# [Extracted data]

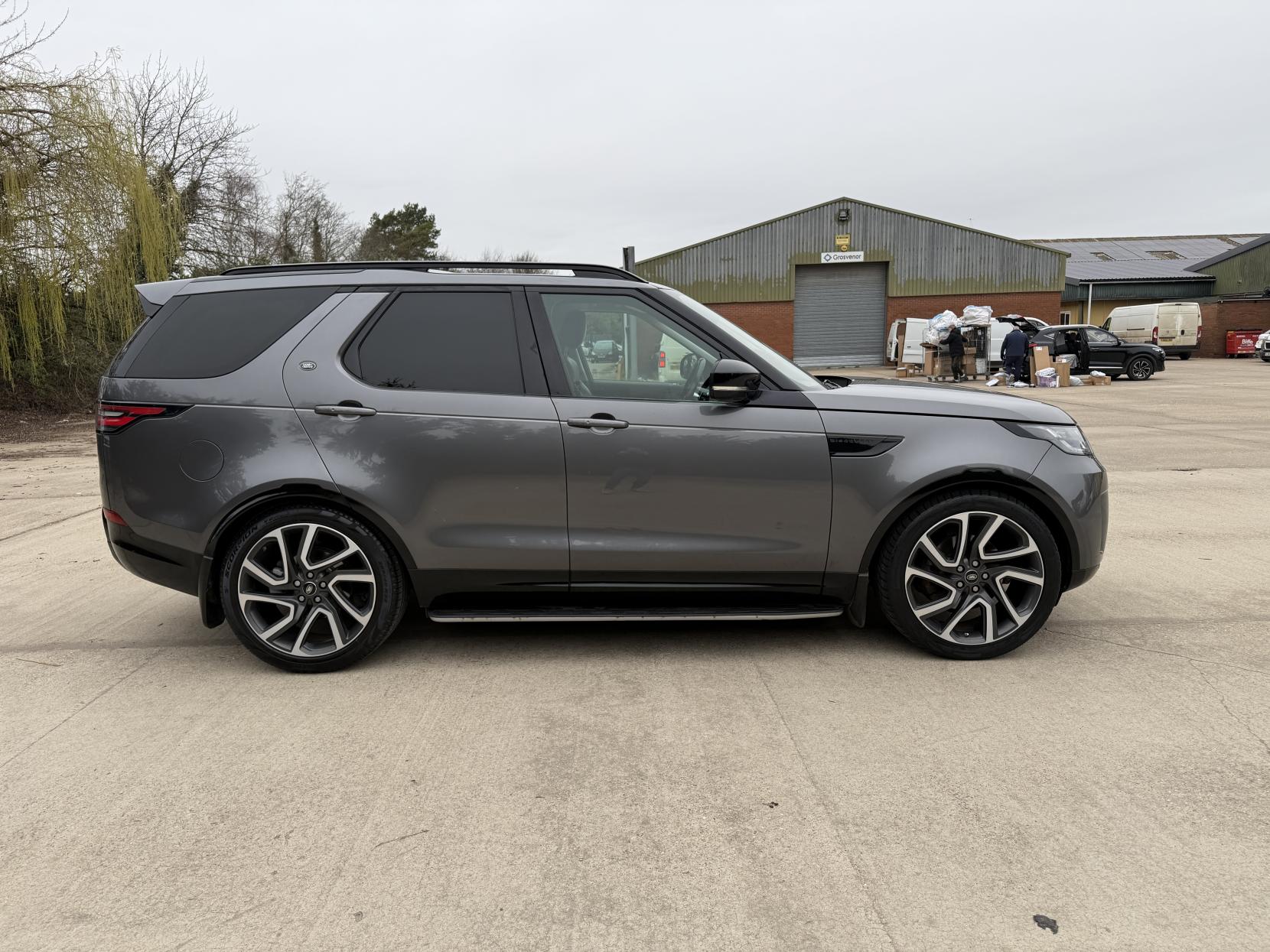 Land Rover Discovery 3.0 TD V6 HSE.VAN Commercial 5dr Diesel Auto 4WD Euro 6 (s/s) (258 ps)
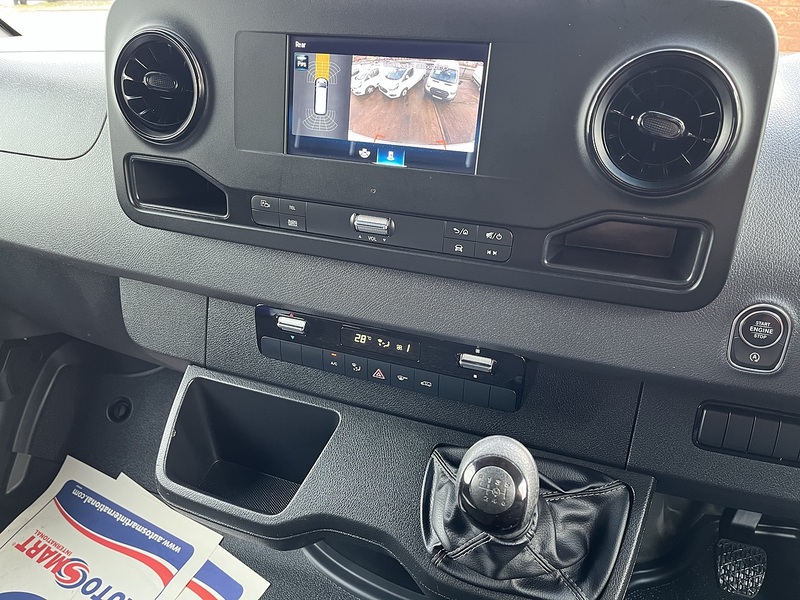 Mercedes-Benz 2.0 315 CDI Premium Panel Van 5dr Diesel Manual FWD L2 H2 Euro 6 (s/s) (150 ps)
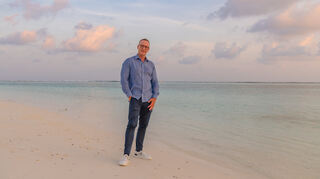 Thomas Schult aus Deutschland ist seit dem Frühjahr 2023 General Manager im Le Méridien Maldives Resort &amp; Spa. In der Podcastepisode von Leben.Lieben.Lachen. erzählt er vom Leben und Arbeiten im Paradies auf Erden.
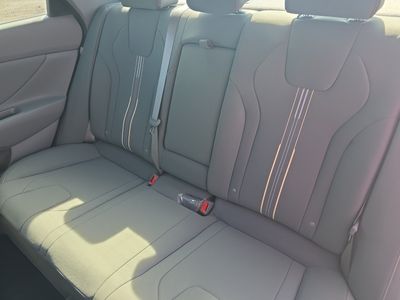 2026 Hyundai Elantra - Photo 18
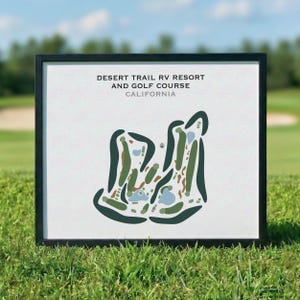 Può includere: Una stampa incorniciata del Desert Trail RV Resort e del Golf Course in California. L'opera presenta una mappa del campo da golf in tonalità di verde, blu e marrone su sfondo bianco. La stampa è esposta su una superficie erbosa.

...

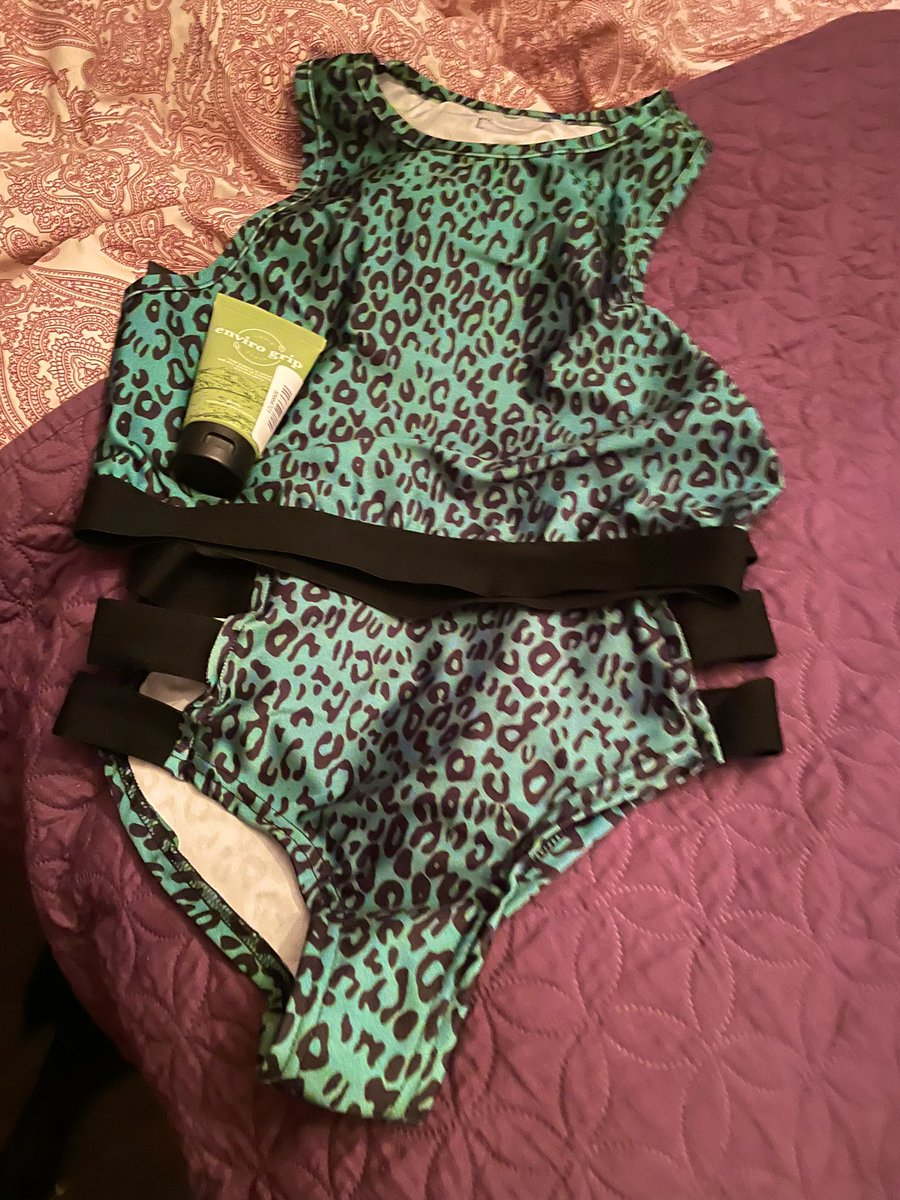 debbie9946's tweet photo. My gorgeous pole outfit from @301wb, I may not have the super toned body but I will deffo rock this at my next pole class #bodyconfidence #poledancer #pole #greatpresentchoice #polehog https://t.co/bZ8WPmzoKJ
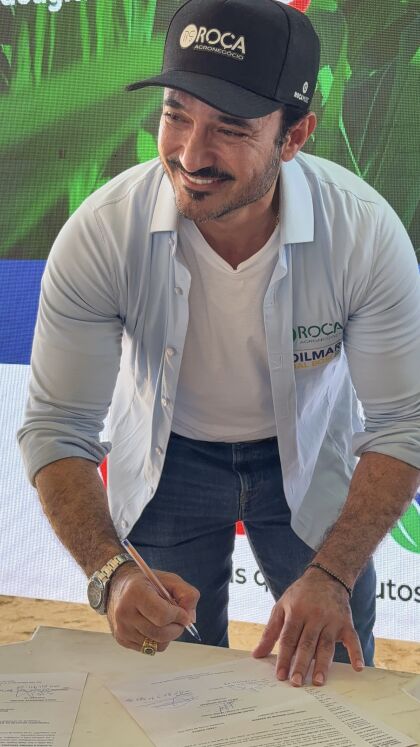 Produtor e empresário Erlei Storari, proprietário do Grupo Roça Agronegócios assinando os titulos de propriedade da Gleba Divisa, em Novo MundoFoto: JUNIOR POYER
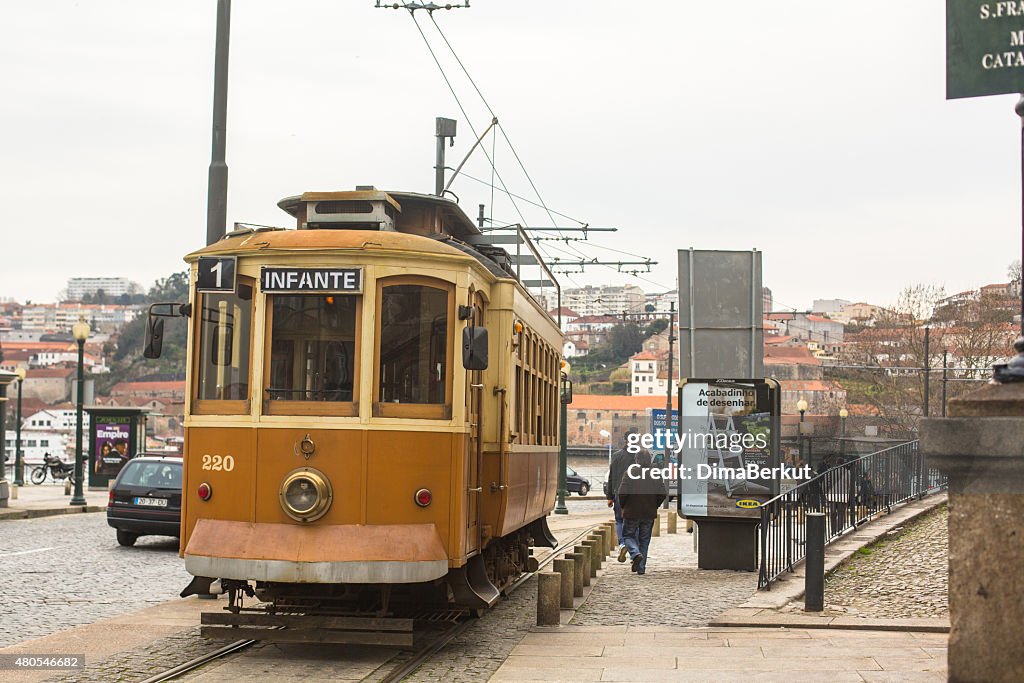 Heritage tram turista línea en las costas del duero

# [Task brief]
Please copy the lines above exactly, starting at the line that holds "Land Rover Discovery" and ending at the line that holds "Può includere: Una"; include both, but no pictures.

# [Task result]
 Land Rover Discovery 3.0 TD V6 HSE.VAN Commercial 5dr Diesel Auto 4WD Euro 6 (s/s) (258 ps)
 Mercedes-Benz 2.0 315 CDI Premium Panel Van 5dr Diesel Manual FWD L2 H2 Euro 6 (s/s) (150 ps)
 Thomas Schult aus Deutschland ist seit dem Frühjahr 2023 General Manager im Le Méridien Maldives Resort &amp; Spa. In der Podcastepisode von Leben.Lieben.Lachen. erzählt er vom Leben und Arbeiten im Paradies auf Erden.
 2026 Hyundai Elantra - Photo 18
 Può includere: Una stampa incorniciata del Desert Trail RV Resort e del Golf Course in California. L'opera presenta una mappa del campo da golf in tonalità di verde, blu e marrone su sfondo bianco. La stampa è esposta su una superficie erbosa.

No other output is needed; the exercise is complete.